Conditional Compile based on .net framework version

Ok, I’ve been after this one for quite a while. I want to include stuff like Moth.Linq and ExtensionAttribute in .net 2.0 compilations, but exclude them from .net 3.5 compilations. In effect, I want to cross compile to .net 2.0 and .net 3.5. Not only do I want to do this from within Visual Studio, I also want the Continuous Integration server to do it too. Tall order? Yes.

A bit of background:

Moth.Linq is a mechanism for producing LINQ functionality in assemblies compiled in Visual Studio 2008 targeted to the .net 2.0 framework. You add this piece of code, add a ‘using Moth.Linq;’ at the top, and you can use LINQ. Very cool. (Disclaimer: this isn’t LINQ to SQL or LINQ to Entities, just LINQ – e.g. lamda expressions in SQL style syntax.)

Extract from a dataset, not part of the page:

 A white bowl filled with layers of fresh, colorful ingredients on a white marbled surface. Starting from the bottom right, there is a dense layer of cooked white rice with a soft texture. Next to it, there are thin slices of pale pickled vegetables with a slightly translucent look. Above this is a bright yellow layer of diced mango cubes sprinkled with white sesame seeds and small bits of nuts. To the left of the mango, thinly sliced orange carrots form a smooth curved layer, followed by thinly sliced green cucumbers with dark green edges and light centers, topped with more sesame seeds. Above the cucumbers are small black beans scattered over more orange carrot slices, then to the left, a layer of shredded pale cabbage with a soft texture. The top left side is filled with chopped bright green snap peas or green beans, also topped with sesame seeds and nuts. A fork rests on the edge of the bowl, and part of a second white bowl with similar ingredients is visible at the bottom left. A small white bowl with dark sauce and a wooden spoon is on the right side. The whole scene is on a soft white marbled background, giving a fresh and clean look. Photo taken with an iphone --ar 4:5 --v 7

– Daniel Moth has another awesome trick for using Extension Methods in .net 2.0 deployed assemblies. Since Extension Methods are a compiler trick, not a function of the language, at compile time, the method itself is put back into a static class, and the calls to that method are magically transformed into calls to that static class’s method passing in the parameter that the extension method was attached to. None of this needs the magic System.Core.dll file that adds all the magic C# 3.0 sauce. Well, to make this compiler trick work requires the ExtensionAttribute inside the System.Runtime.CompilerServices namespace – Inside System.Core.dll. What does it do? I have no idea. But create this attribute, and extension methods just work. Very cool.

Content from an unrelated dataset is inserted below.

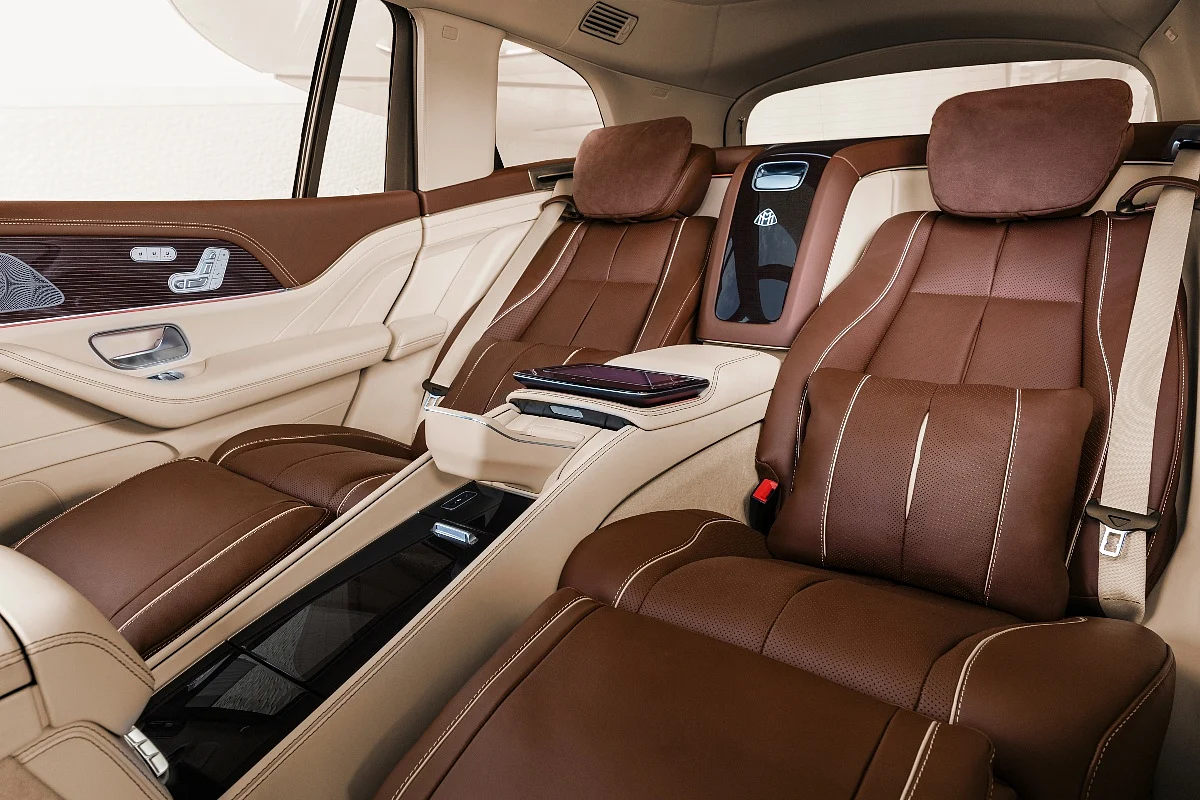 Recliner seats upholstered with Napa leather available as standard on the Maybach GLS 600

– I use NAnt triggered by Cruise Control .NET. NAntContrib has a fabulous task called msbuild that you can pass a solution file to, and it’ll build everything in the solution. Jeffrey Palermo has a great trick for enabling NAnt to build .net 3.5 projects. Combine these, and the standard NAnt build file that’s been working forever now works with Visual Studio 2008 projects as well. Very cool.

– Some developers on the team have VS 2005, some have VS 2008. Some deployment servers run .net 2.0, some .net 3.5. So, the code just has to work in both scenarios. Those of us in VS 2005 hate it when those of us in VS 2008 use the cool C# 3.0 features. Those of us in VS 2008 hate holding back.

So, the task at hand is clear: create a way that NAnt and Visual Studio can conditionally include things like Moth.Linq and Extension Methods. The clear solution: pre-processor flags. I wrap the Extension Method code like so:

#if NET_20
namespace System.Runtime.CompilerServices {
  public class ExtensionAttribute : Attribute { }

Well, that’s all fine and good, but how to get the target .net framework to trigger defining the preprocessor flag? Sadly, I haven’t found a good solution to that, but I did find this:

The idea is from Karsten: define preprocessor flags on the msbuild command line like so:

msbuild /p:DefineConstants=NET_20 /t:Rebuild

Ok, I’m 12 way there. NAnt’s syntax for defining the command line args is like so:

<arg value="/p:DefineConstants=NET_20" />

I put that inside the <msbuild> task, insure I’ve defined the framework version NAnt is targeting like so:

<property name="nant.settings.currentframework" value="net-2.0" />

and away we go. This task now defines a perfect .net 2.0 build.

Want a .net 3.5 build? Set the property nant.settings.currentframework to “net-3.5” and don’t set the arg in the msbuild task. I chose to put both “NET_20” and “net-2.0” into properties that I could set to “” and “net-3.5” based on a task passed into NAnt, and we’re good. We now have Continuous Integration building .net 2.0 compatible code. Excelent.

How do we get the VS 2005 guys to do the same? Well, that seems a task for another day. My vote was to give them all VS 2008. We’ll see how that goes over. :D My backup plan is defining project configurations for “Debug 2.0” and “Release 2.0” that define these. That’s likely incredibly fragile though – add a project and you tank that convention. Next in line is make them run NAnt to build, but getting out of Visual Studio to build seems very unintuitive. Make it a menu option in the external tools menu? That seems ripe for confusion for the new employees stepping onto the scene.

Well, in any event, 12 the problem is now solved. Wicked cool.